A Docker-based build infrastructure has been added to facilitate building Velox with comprehensive configuration options including GPU support, various storage adapters, and CI-mirrored settings. This infrastructure builds Velox libraries and executables only. In order to build Velox using this infrastructure, the following directory structure is expected:

├─ base_directory/
  ├─ velox-testing
  ├─ velox
  ├─ presto (optional, not relevant to velox builds)

Specifically, the velox-testing and velox repositories must be checked out as sibling directories under the same parent directory. Once that is done, navigate (cd) into the velox-testing/velox/scripts directory and execute the build script build_velox.sh. After a successful build, the Velox libraries and executables are available in the container at /opt/velox-build/release.

sccache Usage

sccache has been integrated to significantly accelerate both Velox and Presto native builds using remote S3 caching and optional distributed compilation. On cache hits, pre-compiled object files are downloaded from S3 instead of recompiling, significantly speeding up builds across machines and repeat runs.
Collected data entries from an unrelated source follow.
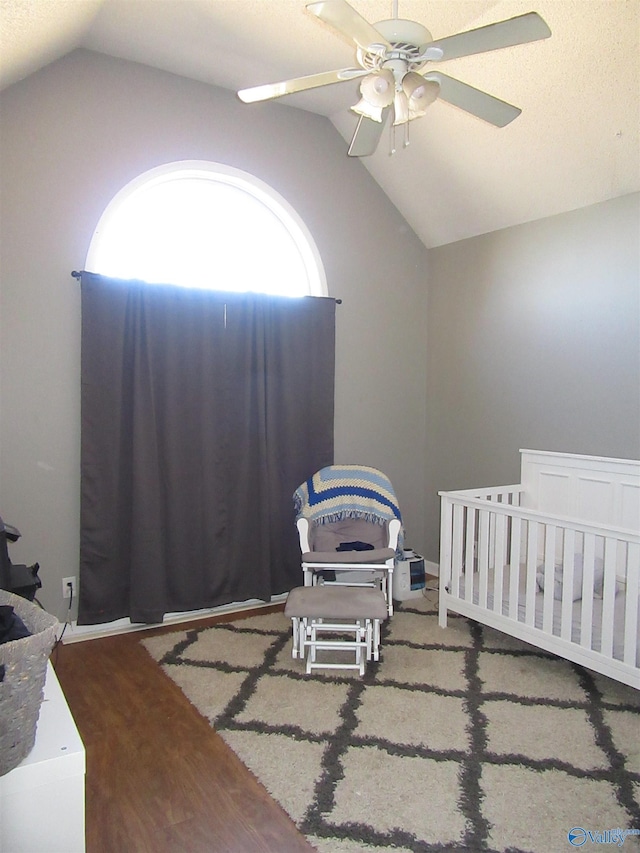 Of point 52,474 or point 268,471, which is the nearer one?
point 52,474

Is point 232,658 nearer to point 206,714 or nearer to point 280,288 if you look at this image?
point 206,714

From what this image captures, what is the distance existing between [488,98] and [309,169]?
1.97 meters

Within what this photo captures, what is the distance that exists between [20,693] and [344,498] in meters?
2.33

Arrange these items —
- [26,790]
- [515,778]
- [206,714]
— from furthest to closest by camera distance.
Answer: [206,714]
[515,778]
[26,790]

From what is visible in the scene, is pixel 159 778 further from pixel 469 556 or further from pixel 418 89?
pixel 418 89

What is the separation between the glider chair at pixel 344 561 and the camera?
106 inches

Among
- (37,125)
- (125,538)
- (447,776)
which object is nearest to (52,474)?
(125,538)

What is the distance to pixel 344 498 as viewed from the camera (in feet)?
11.3

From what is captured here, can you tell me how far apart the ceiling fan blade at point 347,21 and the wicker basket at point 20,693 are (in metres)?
1.70

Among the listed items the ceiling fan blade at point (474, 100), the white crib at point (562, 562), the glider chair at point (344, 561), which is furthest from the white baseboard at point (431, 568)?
the ceiling fan blade at point (474, 100)

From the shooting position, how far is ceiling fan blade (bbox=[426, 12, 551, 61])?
1648 millimetres

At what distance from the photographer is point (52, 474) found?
301 centimetres

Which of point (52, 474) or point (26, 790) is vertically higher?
point (52, 474)

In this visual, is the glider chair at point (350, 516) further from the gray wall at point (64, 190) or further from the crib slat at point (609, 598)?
the gray wall at point (64, 190) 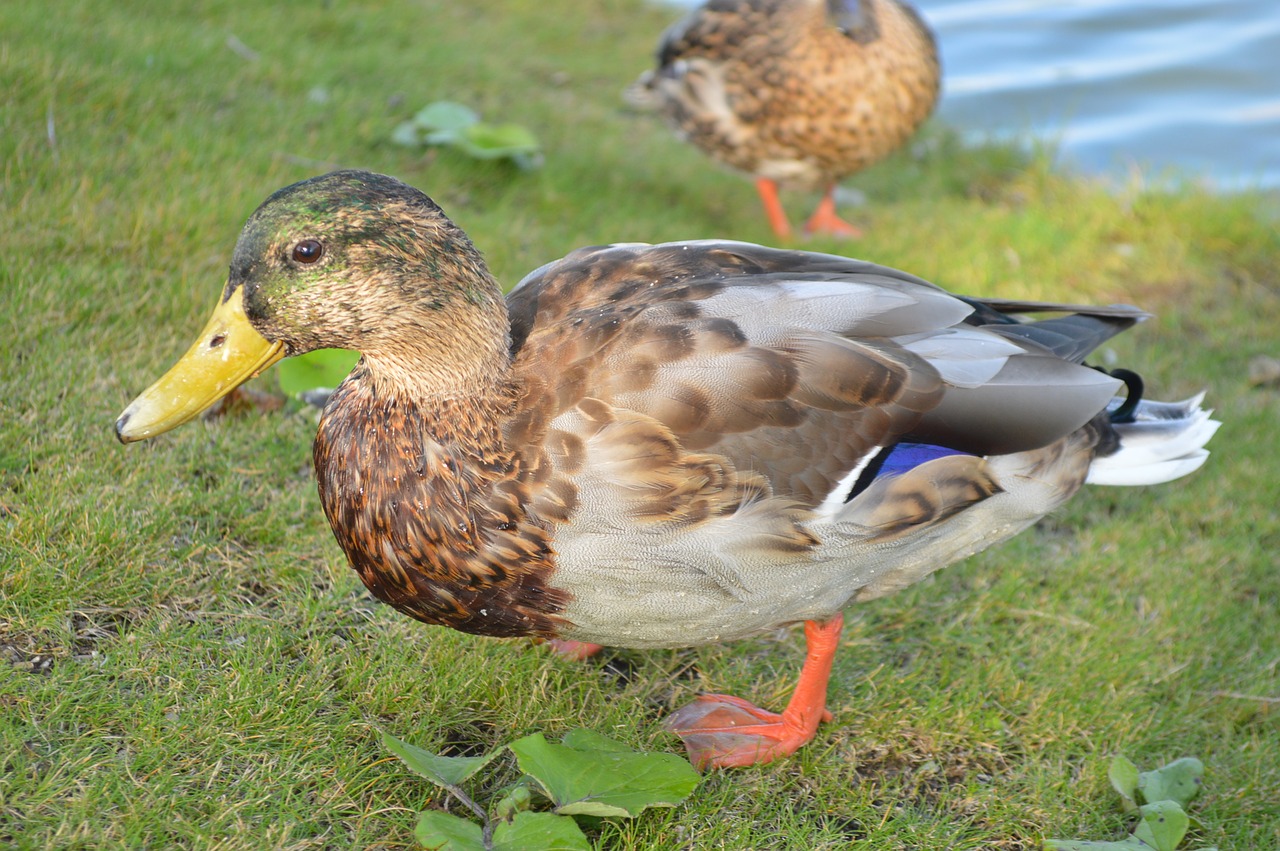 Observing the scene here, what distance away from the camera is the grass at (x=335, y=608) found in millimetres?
2340

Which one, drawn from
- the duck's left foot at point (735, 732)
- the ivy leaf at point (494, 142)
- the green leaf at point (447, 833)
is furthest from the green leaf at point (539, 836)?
the ivy leaf at point (494, 142)

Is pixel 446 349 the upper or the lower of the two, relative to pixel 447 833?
upper

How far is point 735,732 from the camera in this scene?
264 cm

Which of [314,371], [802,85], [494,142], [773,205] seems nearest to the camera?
[314,371]

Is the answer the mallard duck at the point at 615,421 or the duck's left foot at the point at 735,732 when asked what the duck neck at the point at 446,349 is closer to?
the mallard duck at the point at 615,421

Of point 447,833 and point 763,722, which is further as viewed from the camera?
point 763,722

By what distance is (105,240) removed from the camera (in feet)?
11.8

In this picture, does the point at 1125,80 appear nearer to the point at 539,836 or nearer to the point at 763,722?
the point at 763,722

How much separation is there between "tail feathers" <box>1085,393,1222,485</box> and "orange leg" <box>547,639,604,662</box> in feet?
4.09

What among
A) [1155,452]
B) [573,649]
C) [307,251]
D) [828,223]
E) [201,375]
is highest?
[307,251]

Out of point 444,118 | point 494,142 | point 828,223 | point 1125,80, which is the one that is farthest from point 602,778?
point 1125,80

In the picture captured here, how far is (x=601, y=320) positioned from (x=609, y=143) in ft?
11.4

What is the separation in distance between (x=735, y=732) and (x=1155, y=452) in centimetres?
121

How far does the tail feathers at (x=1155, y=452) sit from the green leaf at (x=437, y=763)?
158 centimetres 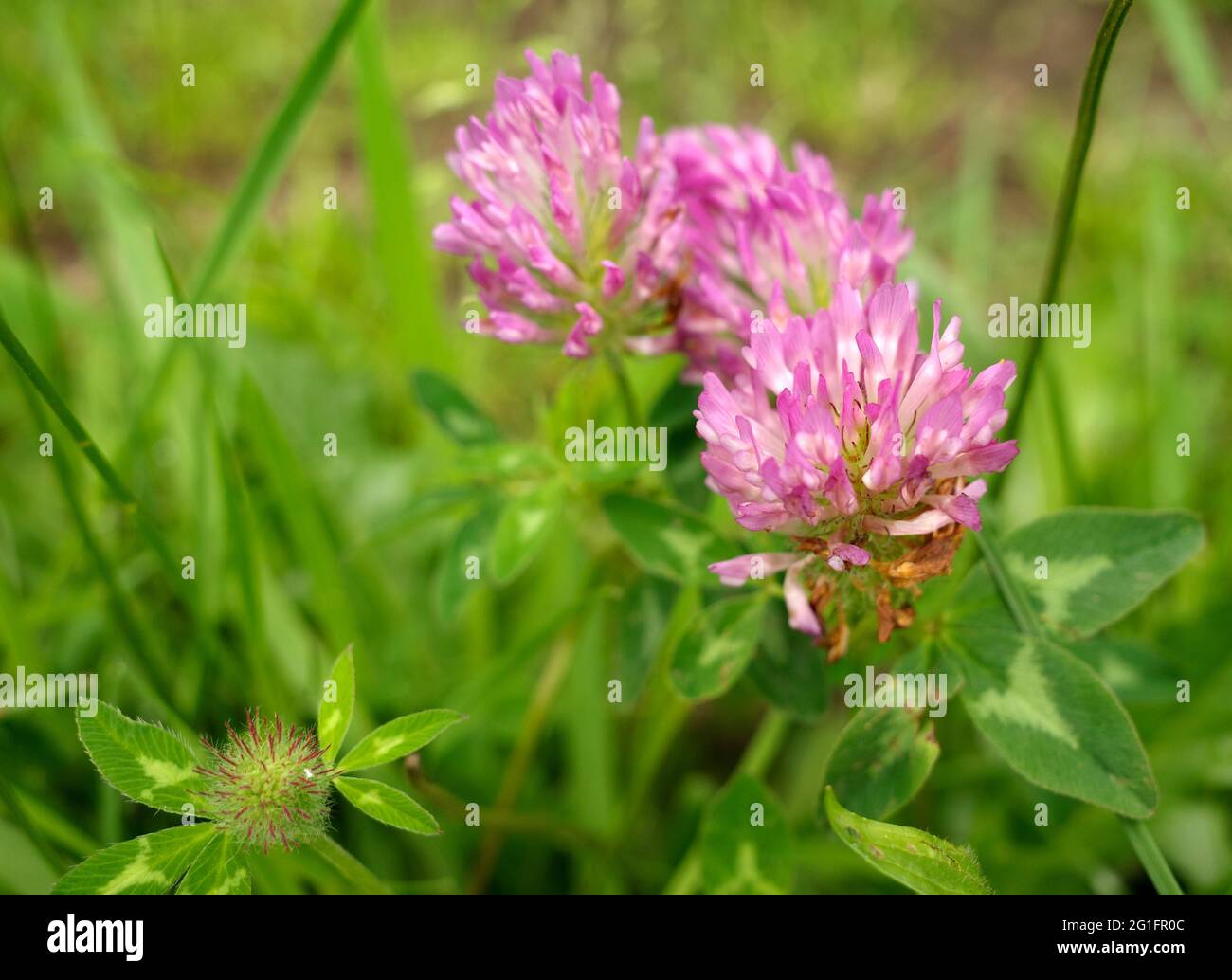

The fork rapidsai/sccache is integrated and configured for use with the rapidsai GitHub organization. The sccache scripts are located in scripts/sccache/ and shared by both Velox and Presto build pipelines.

Setup

Set up authentication credentials (required once, valid for 12 hours):

cd scripts/sccache
./setup_sccache_auth.sh

This creates ~/.sccache-auth/ containing a GitHub token and AWS credentials for S3 bucket access. You can override the directory with SCCACHE_AUTH_DIR.

Velox Builds with sccache

cd velox-testing/velox/scripts

# Default: Remote S3 cache + local compilation (recommended)
./build_velox.sh --sccache

# Optional: Enable distributed compilation (may cause build differences such as additional warnings)
./build_velox.sh --sccache --sccache-enable-dist

# Pin a specific sccache version
./build_velox.sh --sccache --sccache-version 0.12.0-rapids.1

Presto Builds with sccache

cd velox-testing/presto/scripts

# GPU native build with sccache
./start_native_gpu_presto.sh --sccache

# CPU native build with sccache
./start_native_cpu_presto.sh --sccache

# Pin a specific sccache version
./start_native_gpu_presto.sh --sccache --sccache-version 0.12.0-rapids.1

# Enable distributed compilation (use with caution)
./start_native_gpu_presto.sh --sccache --sccache-enable-dist

How it Works

When --sccache is passed, the build process:

  1. Installs the RAPIDS sccache fork inside the Docker build
  2. Configures CMake to route all C/C++/CUDA compilations through sccache
  3. For each compilation unit, sccache checks the S3 bucket (rapids-sccache-devs) for a cached result
  4. Cache hit: downloads the cached object file (fast)
  5. Cache miss: compiles locally and uploads the result to S3 for future use
  6. Post-build statistics are displayed showing hit/miss rates

By default, distributed compilation is disabled to avoid compiler version differences that can cause build failures.

Velox Benchmarking

A Docker-based benchmarking infrastructure has been added to facilitate running Velox benchmarks with support for CPU/GPU execution engines and profiling capabilities. The infrastructure uses a dedicated velox-benchmark Docker service with pre-configured volume mounts that automatically sync benchmark data and results. The data follows Hive directory structure, making it compatible with Presto. Currently, only TPC-H is implemented, but the infrastructure is designed to be easily extended to support additional benchmarks in the future.

Prerequisites

The benchmarking infrastructure requires the same directory structure as Velox Testing, plus benchmark data using Hive directory structure. For TPC-H, the required data layout is shown below.

  velox-benchmark-data/
  └─ tpch/
    ├─ customer/
    ├─ lineitem/
    ├─ nation/
    ├─ orders/
    ├─ part/
    ├─ partsupp/
    ├─ region/
    └─ supplier/

By default, the data directory is named velox-benchmark-data, but you can specify a different directory using a command-line option. The data must follow the Hive-style partition layout backed by Parquet files.

Building for Benchmarks

Before running benchmarks, Velox must be built with benchmarking support enabled:

cd velox-testing/velox/scripts
./build_velox.sh --benchmarks true   # Enables benchmarks and nsys profiling (default)
./build_velox.sh --gpu --benchmarks true   # GPU support with benchmarks (default)
./build_velox.sh --cpu --benchmarks true   # CPU-only with benchmarks

For faster builds when benchmarks are not needed:

./build_velox.sh --benchmarks false  # Disables benchmarks and skips nsys installation

Running Benchmarks

Navigate to the benchmarking scripts directory and execute the benchmark runner:

cd velox-testing/velox/scripts
./benchmark_velox.sh [OPTIONS]

Basic Examples:

# Run all TPC-H queries on both CPU and GPU (using defaults)
./benchmark_velox.sh

# Run TPC-H Q6 on CPU only
./benchmark_velox.sh --queries 6 --device-type cpu

# Run TPC-H Q1 and Q6 on both CPU and GPU
./benchmark_velox.sh --queries "1 6" --device-type "cpu gpu"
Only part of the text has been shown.